First, Papernot and McDaniel provide a quite thorough survey of relevant work in three disciplines: confidence, interpretability and robustness. To the best of my knowledge, this is one of few papers that explicitly make the connection of these three disciplines. Especially the work on confidence is interesting in the light of robustness as Papernot and McDaniel also frequently distinguish between in-distribution and out-distribution samples. Here, it is commonly known that deep neural networks are over-confidence when moving away from the data distribution.

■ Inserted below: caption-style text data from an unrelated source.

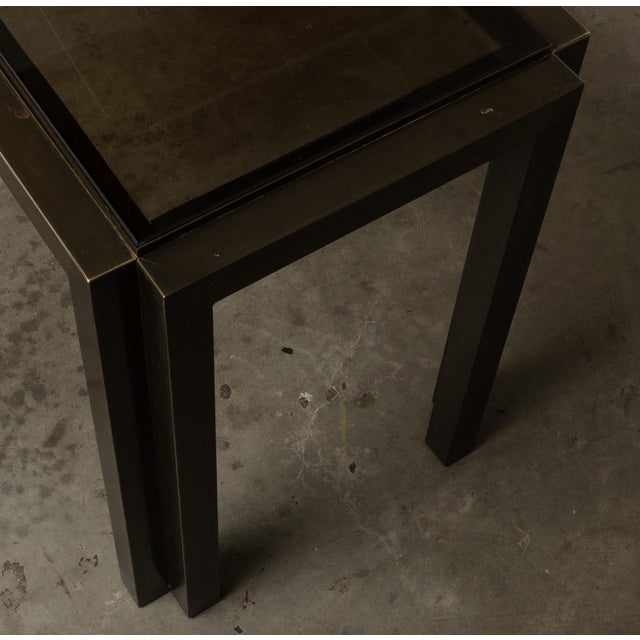 1960s Metallic Console Table Long & Low Glass Gunmetal Ultra Cool 73” For Sale - Image 11 of 16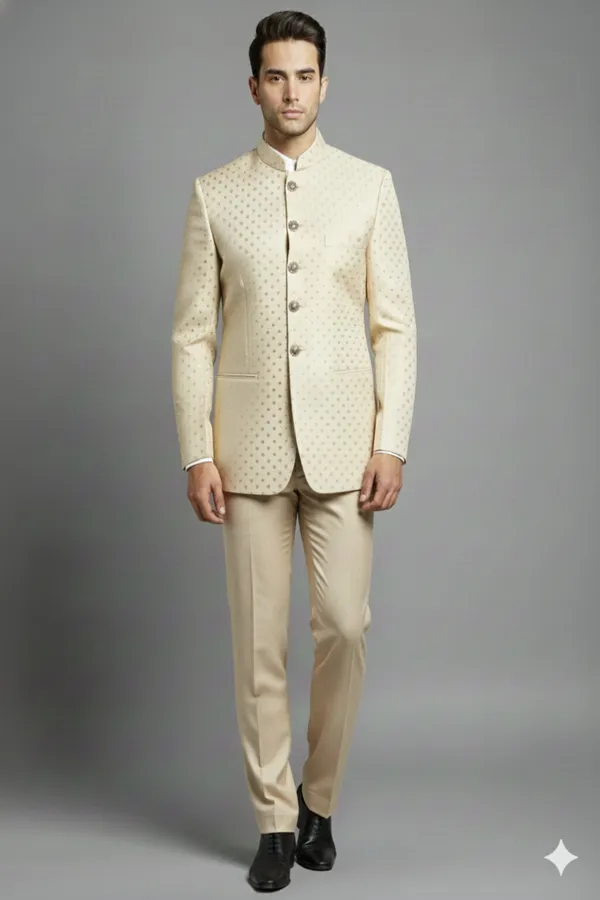 Stitched_Designer_Suit_With_Unstitched_Pant_Fabric_Cream_Gold_Dot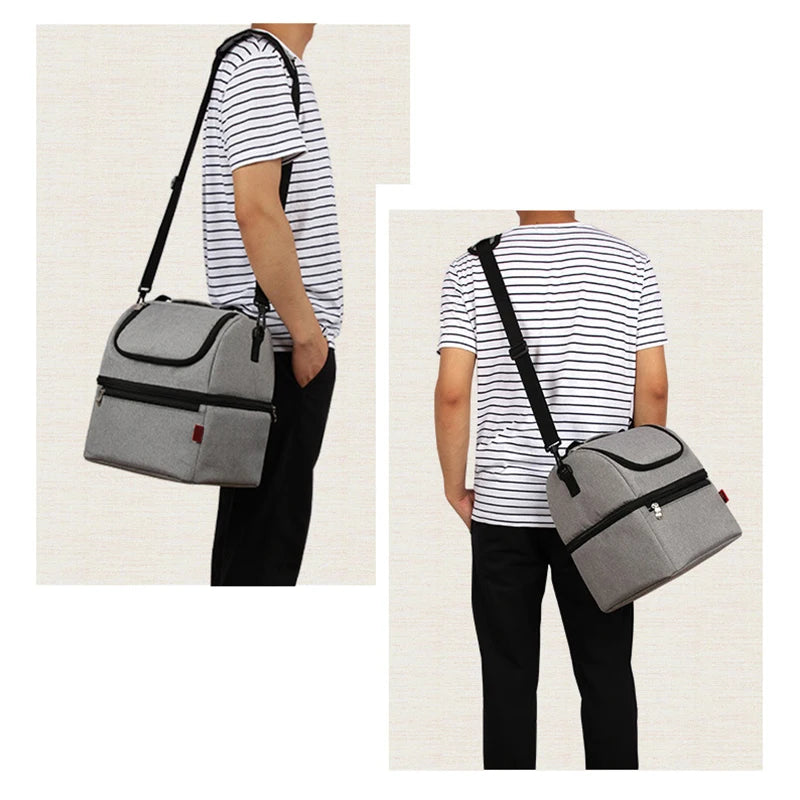 Double Layer Insulated Thermal Cooler Bag Picnic Food Drink Lunch Box Women Men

The deep k-nearest neighbor approach is described in Algorithm 1 and summarized in the following. For a trained model and a training set of labeled samples, they first find k nearest neighbors for each intermediate layer of the network. The layer nonconformity with a specific label $j$, referred to as $\alpha$ in Algorithm 1, is computed as the number of labels that in the set of nearest neighbors that do not share this label. By comparing these nonconformity values to a set of reference values (computing over a set of labeled calibration data), the prediction can be refined. In particular, the probability for label $j$ can be computed as the fraction of reference nonconformity values that are higher than the computed one. See Algorthm 1 or the paper for details.
Finally, they provide experimental results – again considering the three disciplines of confidence/credibility, interpretability and robustness. The main take-aways are that the resulting confidences are more reliable on out-of-distribution samples, which also include adversarial examples. Additioanlly, the nearest neighbor allow very basic interpretation of the predictions.